When such an LHS hazard occurs in a program loop, the reject and
reissue operation can lead to a dramatic reduction in system
performance.
[0006] In some systems, the reissued load instruction entries are
tagged with dependency flags, so that subsequent reissues will only
occur after the store operation on which the load instruction
depends, preventing recurrence of the reissue operations. However,
rejection of the first issue of the load instruction and the
consequent flushing of newer instructions still represents a
significant performance penalty in OOE processors.
[0007] It would therefore be desirable to provide a method for
managing load-store operations with reduced rejection and reissue
of operations, in particular load rejections due to load-hit-store
hazards.
BRIEF SUMMARY OF THE INVENTION
[0008] The invention is embodied in a method that reduces rejection
of load instructions by predicting likely load-hit-store hazards.
The method is a method of operation of a processor core.
[0009] The processor core is embodied in a processor core
supporting out-of-order execution that detects likely
load-hit-store hazards. When an instruction dispatch unit decodes a
fetched instruction, if the instruction is a store instruction,
address information is stored in a load-hit-store detection table.
The address information is generally the base registers used to
generate the effective address of the store operation in
register-based addressing and/or the immediate field of the
instruction for immediate addressing. When a subsequent load
instruction is encountered, the instruction dispatch unit checks
the load-hit-store detection table to determine whether or not an
entry in the table has matching address information. If a matching
entry exists in the table, the instruction dispatch unit forwards
the load instruction with a tag corresponding to the entry, so that
the load-store unit will execute the load instruction after the
corresponding store has been executed.

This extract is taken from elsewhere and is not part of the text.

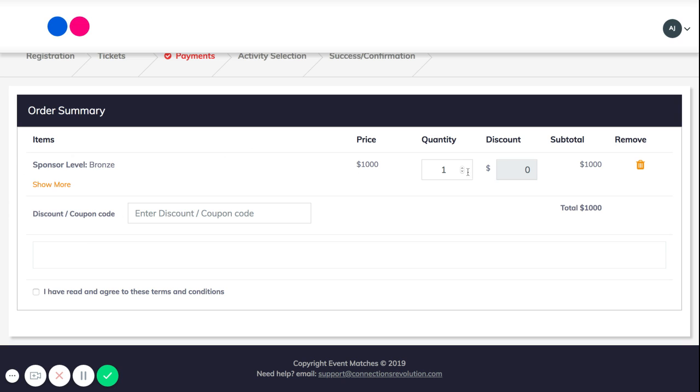Right here it says quantity. Whenever you click on quantity and before you pay, you can edit this to however many you want. So if you want to buy 10 tickets, two, or one. From here you can adjust the quantity to however many tickets you need.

If no matching entry exists
in the table, the load instruction is issued untagged.
[0010] The foregoing and other objectives, features, and advantages
of the invention will be apparent from the following, more
particular, description of the preferred embodiment of the
invention, as illustrated in the accompanying drawings.
BRIEF DESCRIPTION OF THE SEVERAL VIEWS OF THE DRAWING
[0011] The novel features believed characteristic of the invention
are set forth in the appended claims. The invention itself,
however, as well as a preferred mode of use, further objectives,
and advantages thereof, will best be understood by reference to the
following detailed description of the invention when read in
conjunction with the accompanying Figures, wherein like reference
numerals indicate like components, and:
[0012] FIG. 1 is a block diagram illustrating a processing system
in accordance with an embodiment of the present invention.
[0013] FIG. 2 is a block diagram illustrating details of a
processor core 20 in accordance with an embodiment of the present
invention.
[0014] FIG. 3 is a block diagram illustrating details within
processor core 20 of FIG. 2 in accordance with an embodiment of the
present invention.
[0015] FIG. 4 is a table depicting entries within LHS detection
table 41 of processor core 20 in accordance with an embodiment of
the present invention.
[0016] FIG. 5 is a flowchart depicting a method of dispatching
load/store instructions in accordance with an embodiment of the
present invention.
[0017] FIG. 6 is a flowchart depicting a method of issuing
load/store instructions in accordance with an embodiment of the
present invention.
DETAILED DESCRIPTION OF THE INVENTION
[0018] The present invention relates to processors and processing
systems in which rejects of load instructions due to load-hit-store
(LHS) hazards is reduced by predicting the occurrence of such
hazards using a LHS prediction table to track dispatched stores
that may or may not have been issued/executed. Load instructions
are examined at dispatch time to determine whether or not a pending
store exists that has not been committed for a cache write or that
has otherwise been flushed from the load-store execution path. If
an LHS hazard is detected, the load instruction is dispatched with
an ITAG matching the ITAG of the store instruction corresponding to
the entry in the LHS prediction table, so that the load-store unit
will issue the load instruction dependent on the store result,
i.e., will retain the load instruction in its issue queue until the
store instruction is committed or flushed, preventing rejections of
load instructions due to identification of LHS hazards during issue
of the load instructions.
[0019] Referring now to FIG. 1, a processing system in accordance
with an embodiment of the present invention is shown. The depicted
processing system includes a number of processors 10A-10D, each in
conformity with an embodiment of the present invention. The
depicted multi-processing system is illustrative, and a processing
system in accordance with other embodiments of the present
invention includes uni-processor systems having symmetric
multi-threading (SMT) cores. Processors 10A-10D are identical in
structure and include cores 20A-20B and a local storage 12, which
may be a cache level, or a level of internal system memory.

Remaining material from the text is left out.